Who's good? What it should cost? Thanks!" If you're quick, maybe you can become the world's newest manufacturer of custom beowulf clusters.
Clemson University purchased a setup w/ 512 nodes from Atipa, they delivered it onsite. Can't beat that. Call 888-222-7822, and ask for Bret, tell him the PARL sent you
... will sell you one.
Price depends on bells and whistles, but the 8 node, dual processor P-III system we got with SCI cards ran around $35K.
http://www.wsm.com
The little guy just ain't getting it, is he?
Check out www.beowulf-underground.org That is the place for everything beowulf. It is run by the guys in the Parallel Architecture Research Lab at Clemson University.
I hope this helps!
Kent
Penguin Computing ships beowulf clusters
:)
IBMdoes a lot of linux stuff, they even have beowulf traning classes - I imagine that they have some turnkey solution.
Compaq sells 'em. too.
In other words, almost any company that sells Linux servers sells beowulf clusters o' servers as well. And if you want training, quite a few of them out there have classes for it too
1. Microway's Dual 1GHz Pentium III Beowulf Cluster
Package Pricing (Including Server):
8 Processors: $ 8,625
16 Processors: $16,325
32 Processors: $31,725
64 Processors: $62,525
dammm this is like a 1k per proc ! i am sure you can build it cheaper
Check out Scyld [scyld.com]. If I'm not mistaken Donald Becker (one of the founders of Beowulf) is the head of the company ... or at least has something to do with it.
We bought a 168-node Pentium cluster from Atipa, and we're negotiating for a 1024-node (yes, that's right) Athlon cluster from Linux Networx.

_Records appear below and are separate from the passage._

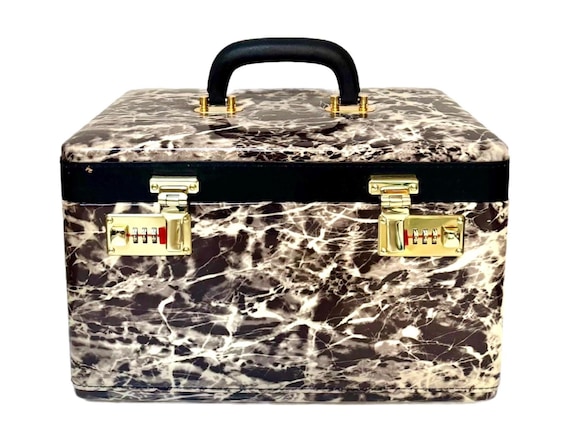 Lockable Faux Leather Jewelry Makeup Organizer Case, Mirror, Removable Tray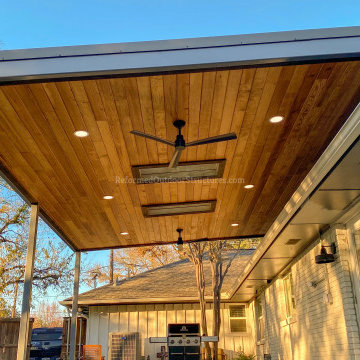 Camp's Elevated Modern Metal & Wood Patio Cover with Skylights
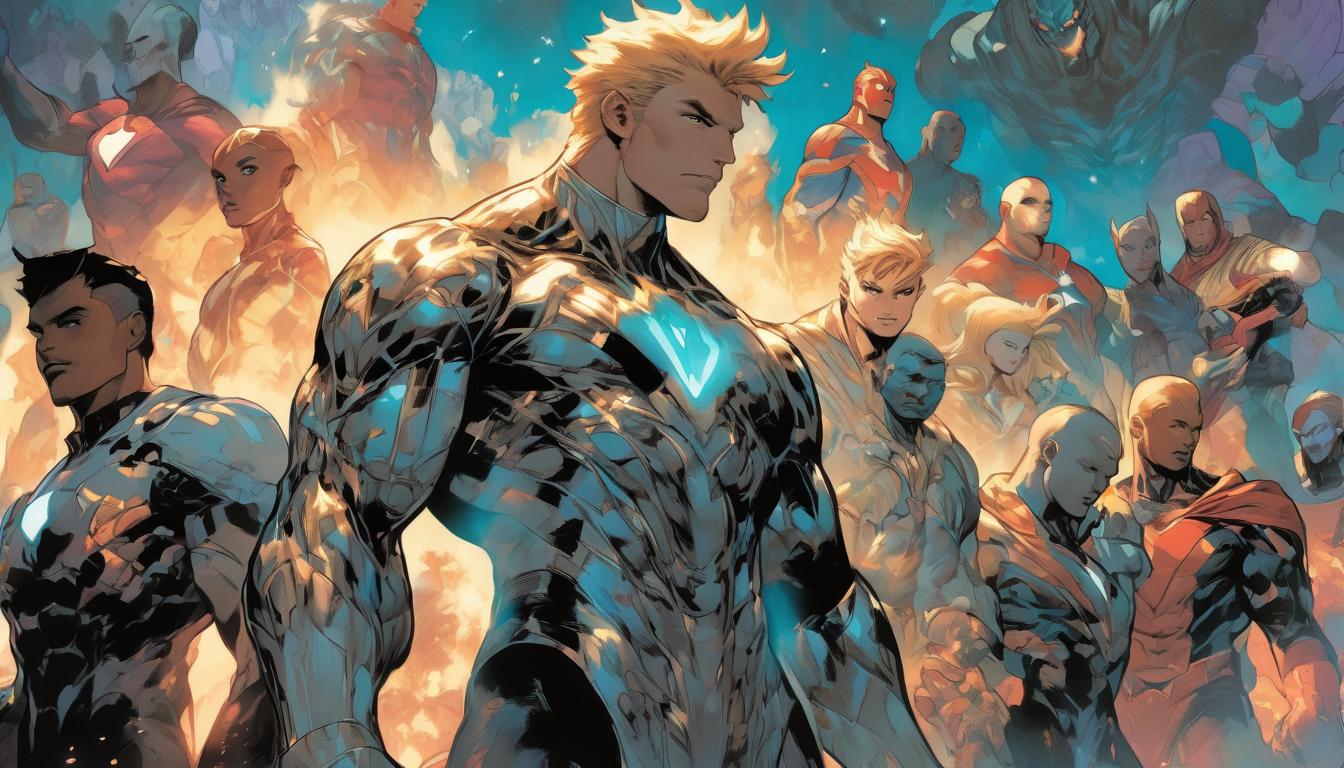  hyperrealism,fantasy aesthetic1man, attractive blonde male humanoid, surrounded by a group of diverse humanoids, all holding hands, celestial background, serene uplifting mood, high tech clothing clad in sleek, futuristic costume with metallic accents and form fitting designs, marvel superhero comics style, unreal engine rendering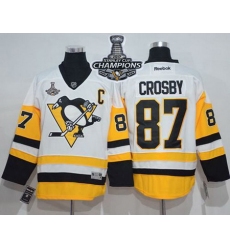 Penguins #87 Sidney Crosby White New Away 2017 Stanley Cup Finals Champions Stitched NHL Jersey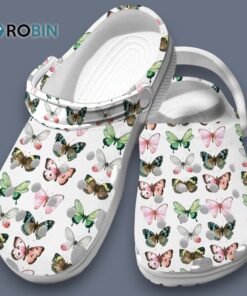 Beautiful Butterfly Pattern White 3D Printed Crocs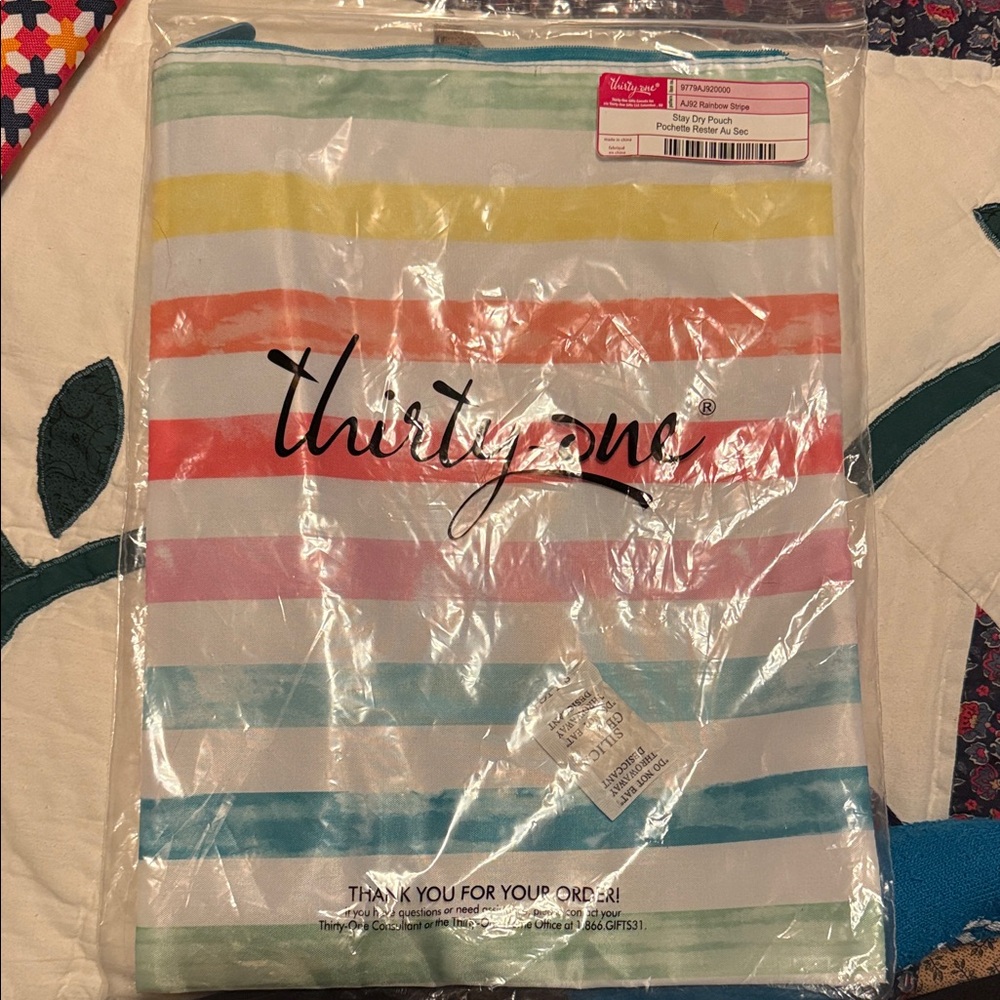 Thirty-One Multicolor Striped Tote
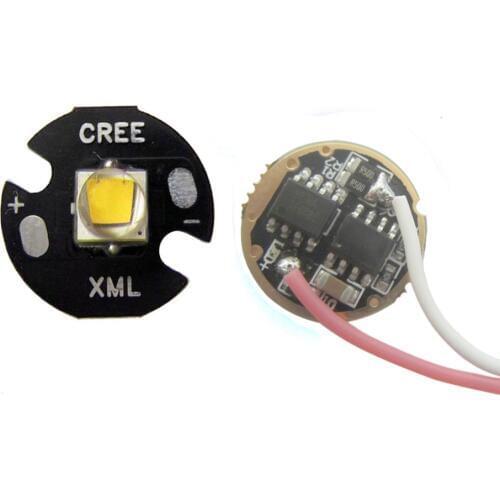 Original 10W CREE XML L2 brighter than T6 White 6500K Flashlight LED light With 16mm Base + 5-Mode 3.7V Driver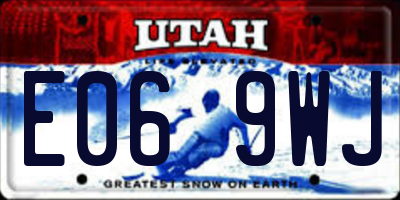 UT license plate E069WJ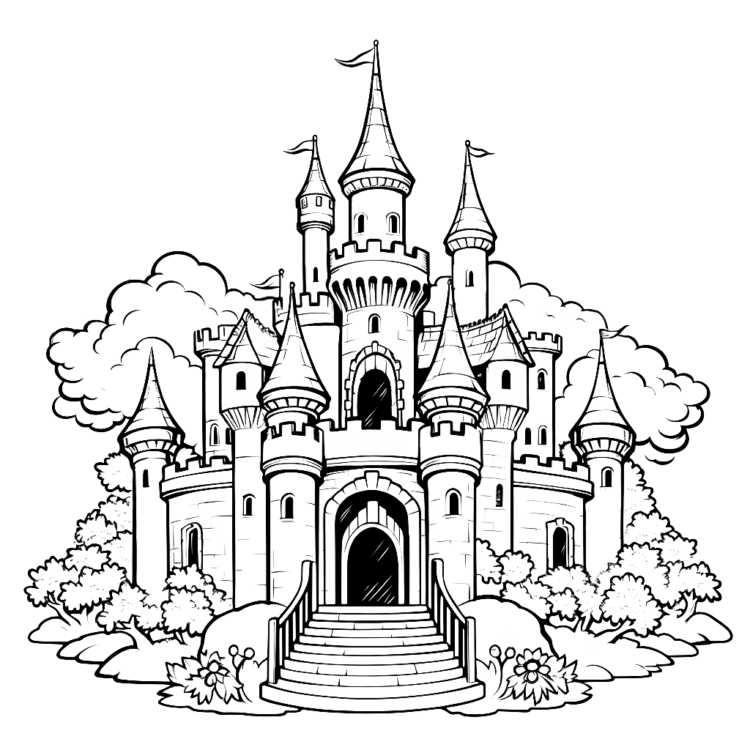 Medieval castle coloring page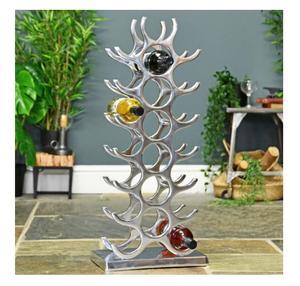 Estante para vinos de alta calidad, de metal dorado, con capacidad para 14 botellas, de aluminio, independiente, para mostrador de bar o fiestas. - Product Image 5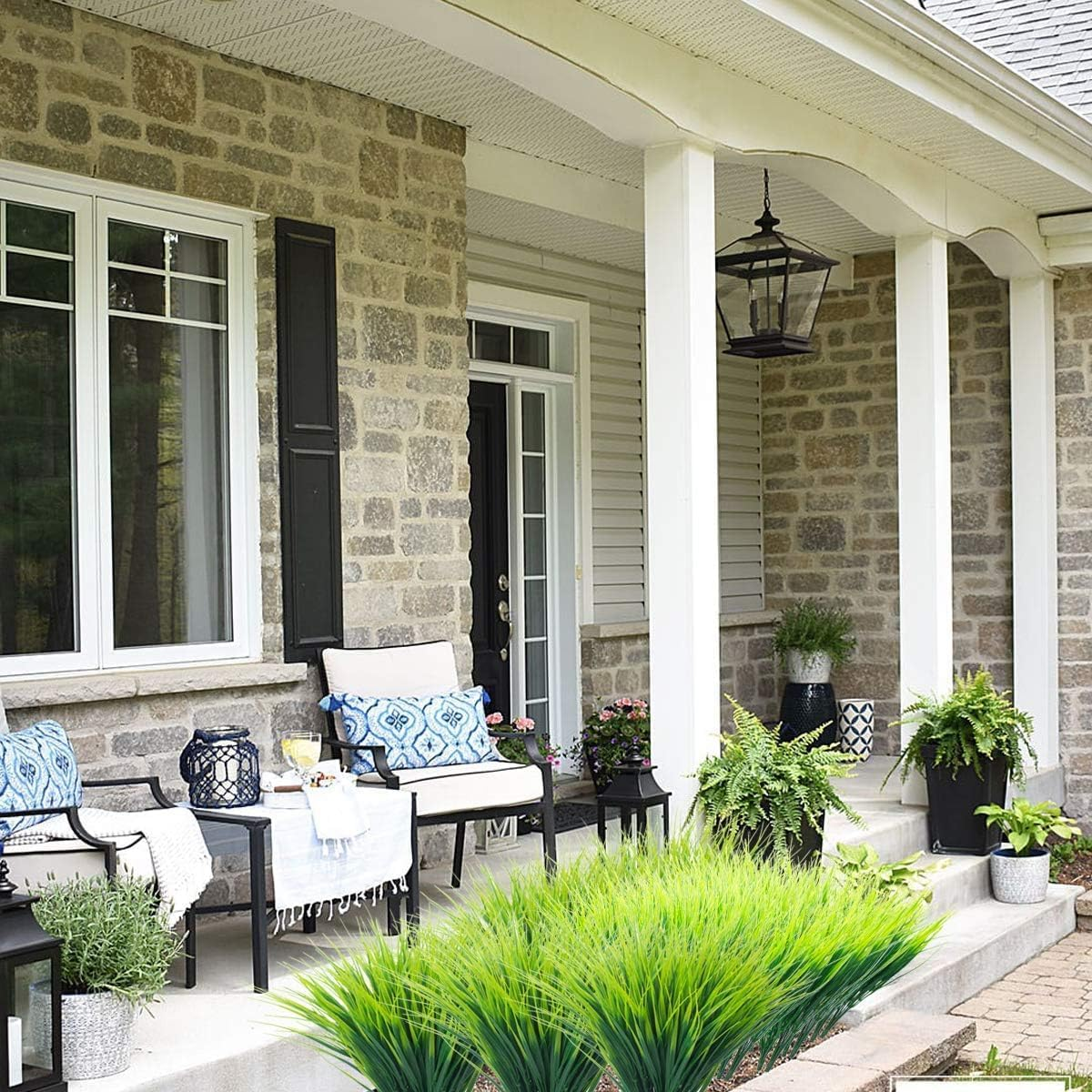 18PCS Outdoor Artificial Grass Faux Plants Spring Summer Decorations, UV Resistant Bulk Realistic Fake Bushes Grass Plastic Greenery Shrubs Front Porch Patio Garden Window Box Home Decor Arrangement image number 4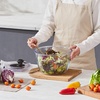 image:imageVEVOR Stainless Steel Salad Spinner 475Qt Onehanded Easy Press Large Vegetable Dryer Washer Lettuce Cleaner and Dryer with 304 Stainless Steel Bowl for Greens Herbs Berries Fruits No BPASalad Spinner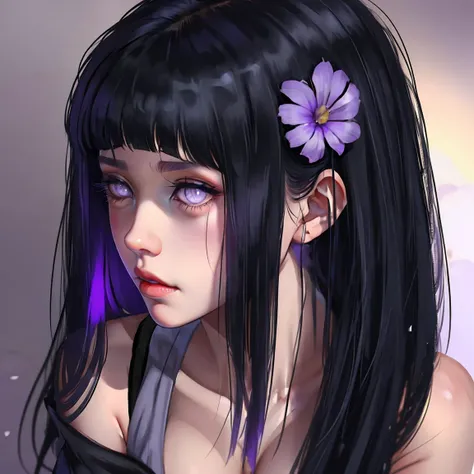 1girl, adult, hinata hyuga, the last, shy girl, long black hair, blunt bangs, dark hair, voluminous hair, lavender eyes, no pupi...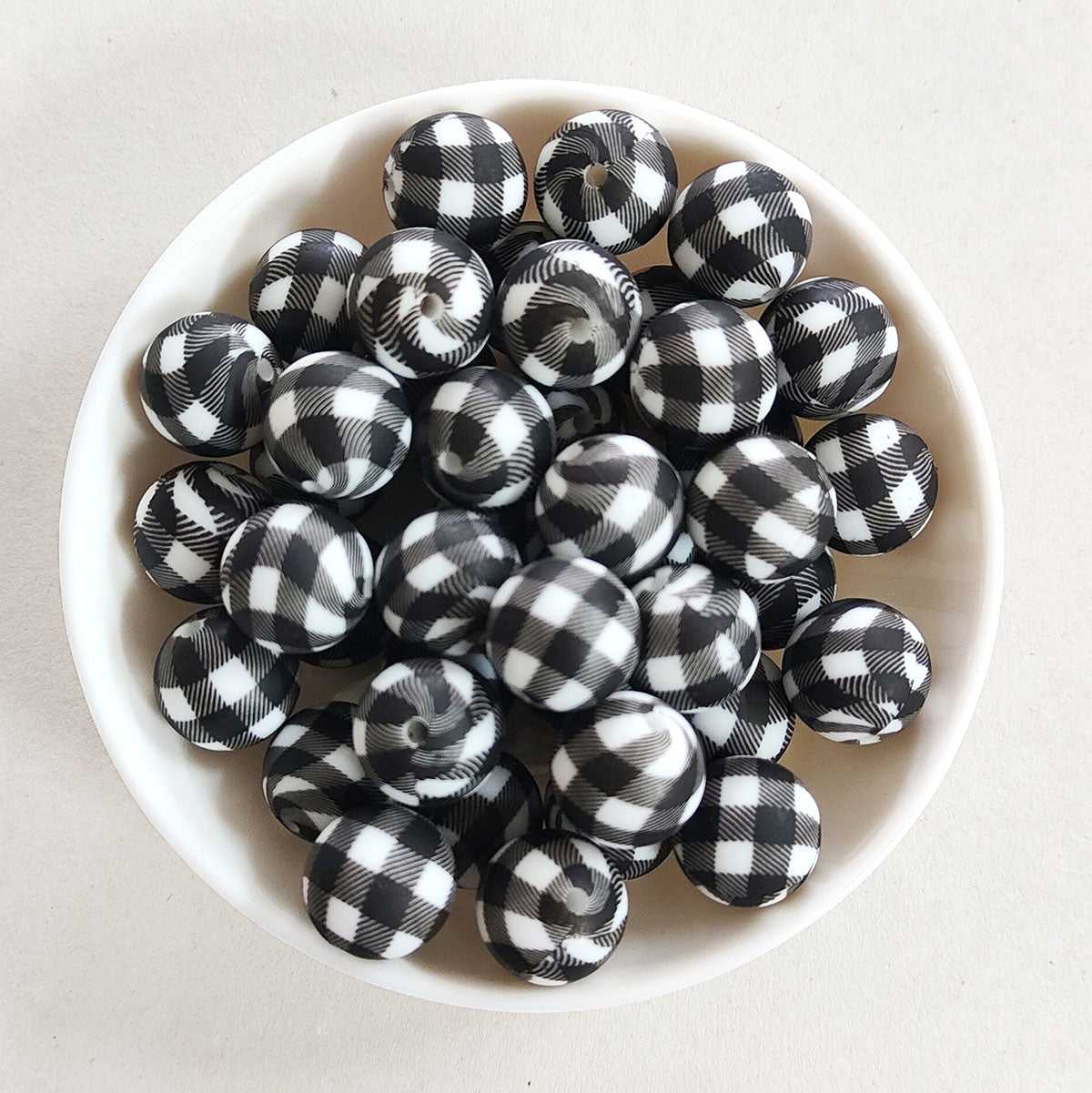12/15mm Black White Plaid Silicone Beads - Round - #51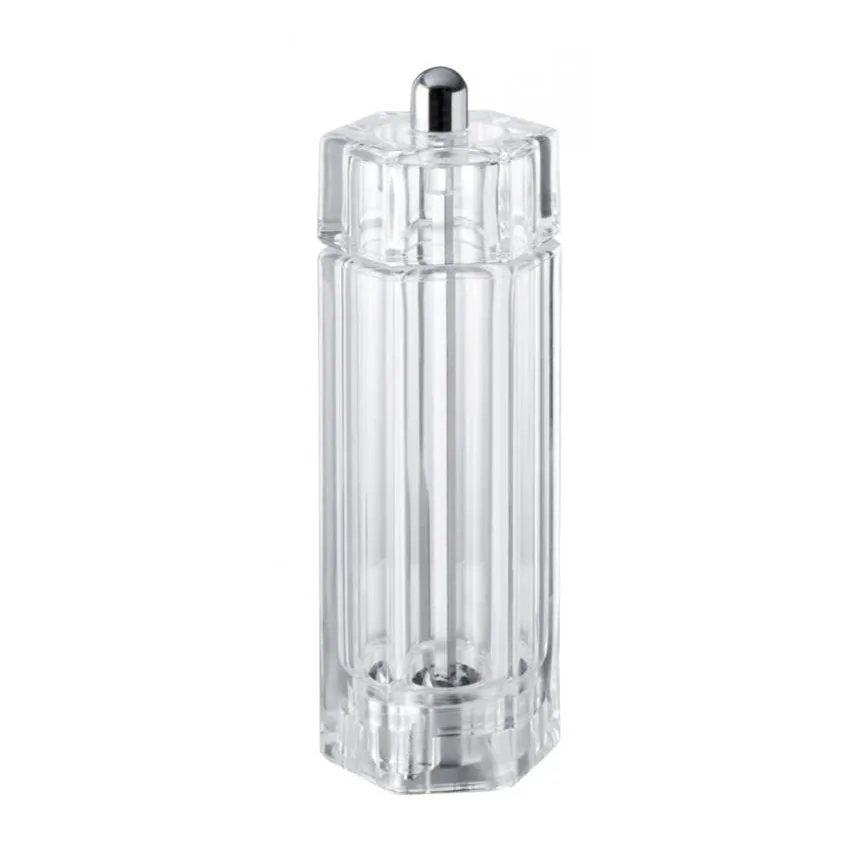 Omcan USA 43683 - TRE SPADE Tosca Pepper Mill, 5" Tall, Acrylic, Steel Conic, 20-Year Guarantee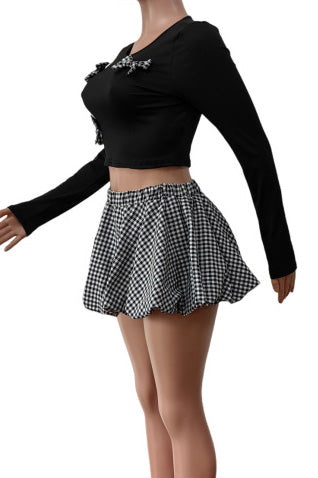 Plaid Patchwork O Neck Long Sleeve Set Lavish Daily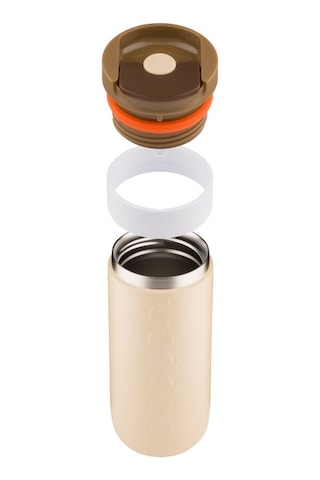 Dopper Travel Mug Yalıtımlı Termos Bardak 400 Ml - Toprak Kahvesi Açık Kahve / Beyaz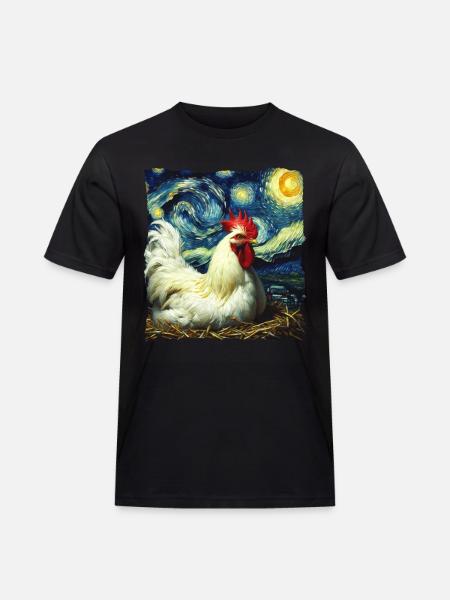 Leghorn Chickens Starry Night - Men's Workwear T-Shirt - black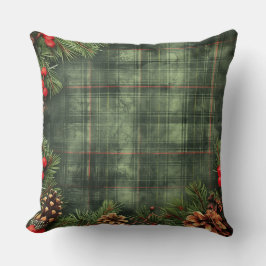 Red and Green Buffalo Plaid Christmas Throw Pillow クッション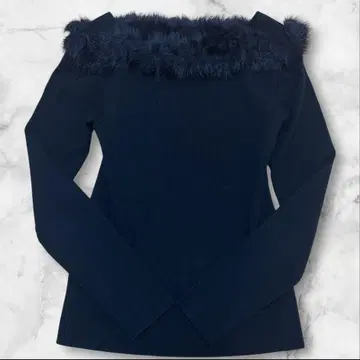 셀포드 페더 프릴 리브 니트 풀오버 스웨터 퍼 M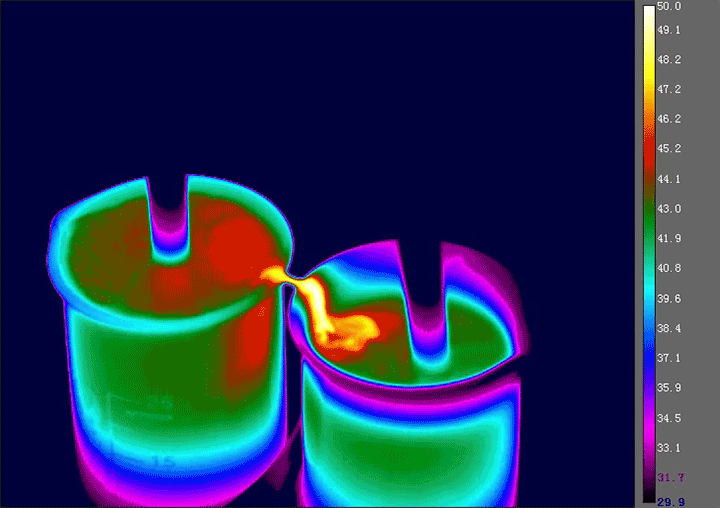 A liquid bridge viewed in infrared. A liquid bridge viewed in infrared.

As someone who actually owns a quad Xeon (Intel Sitka 4x400MHz 1M cache) and is building 2 more for a cluster... the answer, as always, is "depends". It all depends on what the intended use is. For a embarrassingly simple parallel processing job (aka running 20 seti@home jobs) the price/performance ratio can be quite poor. Prices are definately down, but the motherboards and RAM are still fairly expensive (typically you need EDO ECC DIMMs with high end server boards, not the cheap SDRAM). You can pick up several 1GHz barebones Athlons for the same price and run the data serially thru each at a faster pace.
On the other hand, if you have a true multi-threaded, highly integrated task that requires high inter-process communication, separate boxes are a poor choice. Something like a large relational database or multi-dimensional vibration calculation wherein each calculation requires knowledge of it's neighbors motions, is far superior on a multi-CPU box. Unless you implement an expensive Dolphin/Myrinet network, the process communication alone, be it over ether, SCSI, or FC, kills a multi-box solution. Not to mention the fact quad Xeon boxes typically take 4-8GB of RAM so everything is always local.